I've never been quite as big a fan of Forbidden Planet as some (except for Anne Francis's legs, which would make any movie worth watching). I actually like all the pop-Freudian stuff that some critics complain about; pop Freudianism is so much a part of '50s culture that it would almost be wrong for the movie not to do that kind of thing, and the psychoanalytic approach to sci-fi is a nice change of pace from the usual '50s sci-fi movie, which usually dealt exclusively with the question of whether or not we could trust alien invaders; Planet is about whether or not we can trust ourselves, and that's actually more interesting.
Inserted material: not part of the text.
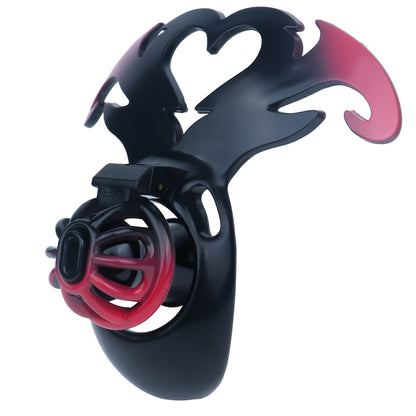 Mini Demon Negative Chastity Cage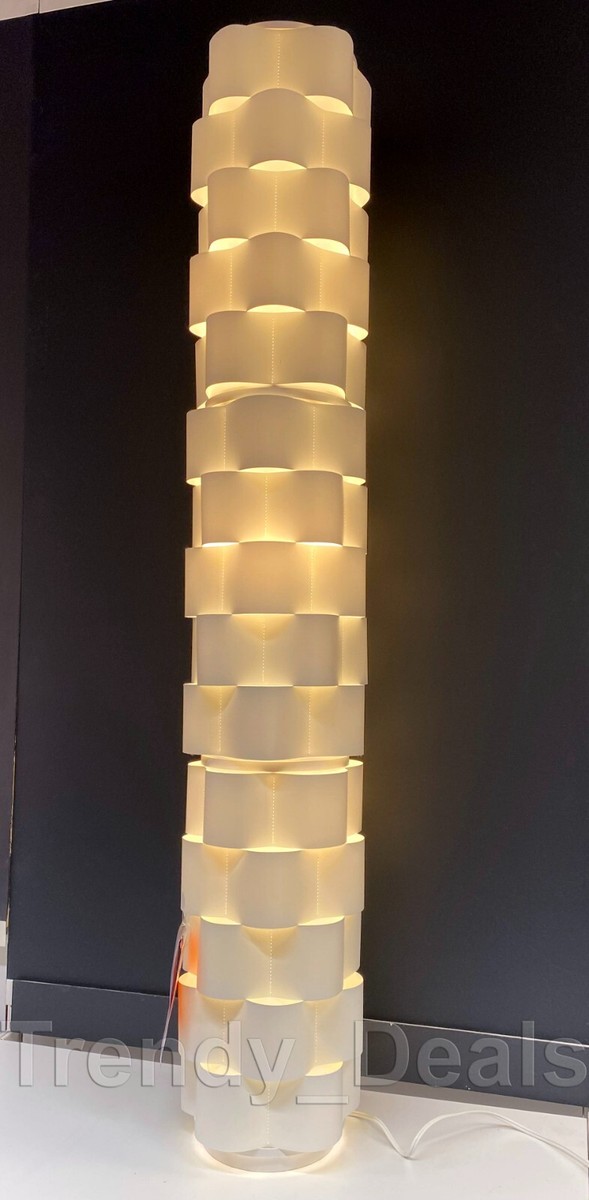 LED フロアランプ IKEA ローグトリク　LÅGTRYCK Ikea LÅGTRYCK LAGTRYCK Modern Floor Lamp, White 54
My problems with Forbidden Planet are more technical and structural. Structurally, not a lot seems to happen before we get to the pop-Freud stuff; it really needed some cutting down, because there's so little action and so much talk. And on a technical level, the movie could have used more pizazz in the design concepts -- except for the design of Robby the Robot, nothing in the production design sticks in my head as really memorable. And the direction, like a lot of early-Cinemascope movies, is a little slow and stodgy. Throw in the silly electronic beep-boop score (electronic music is fine, but this isn't good electronic music; a good orchestral score would have worked much better and given more propulsion to some of the slower sequences), and you've got a movie that is sometimes more fun to summarize than to watch -- particularly when Anne Francis isn't around.
But, that said, I'm still probably going to get the special edition DVD set this November.